> [What this task involves]: Transcribe the data exactly. Pictures stay out.

> [Dataset extract]:
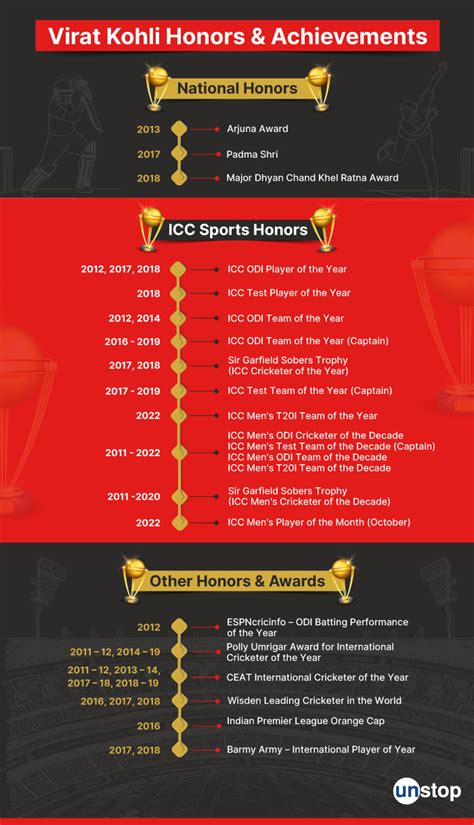 Virat Kohli Education, Early Life & Cricket Journey In A Snapshot ...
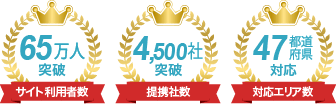 サイト利用者数65万人突破！提携社数4,500社突破！対応エリア数47都道府県対応！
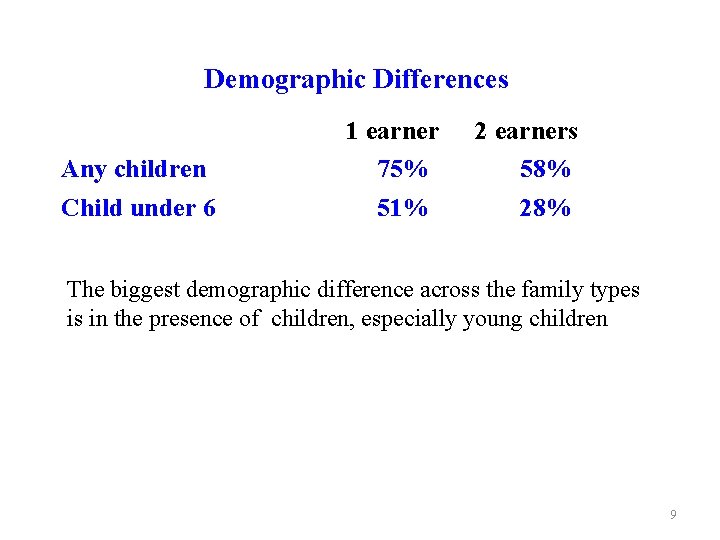 Demographic Differences Any children Child under 6 1 earner 75% 51% 2 earners 58%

> [Answer to this task]:
 Virat Kohli Education, Early Life & Cricket Journey In A Snapshot ...
 サイト利用者数65万人突破！提携社数4,500社突破！対応エリア数47都道府県対応！
 Demographic Differences Any children Child under 6 1 earner 75% 51% 2 earners 58%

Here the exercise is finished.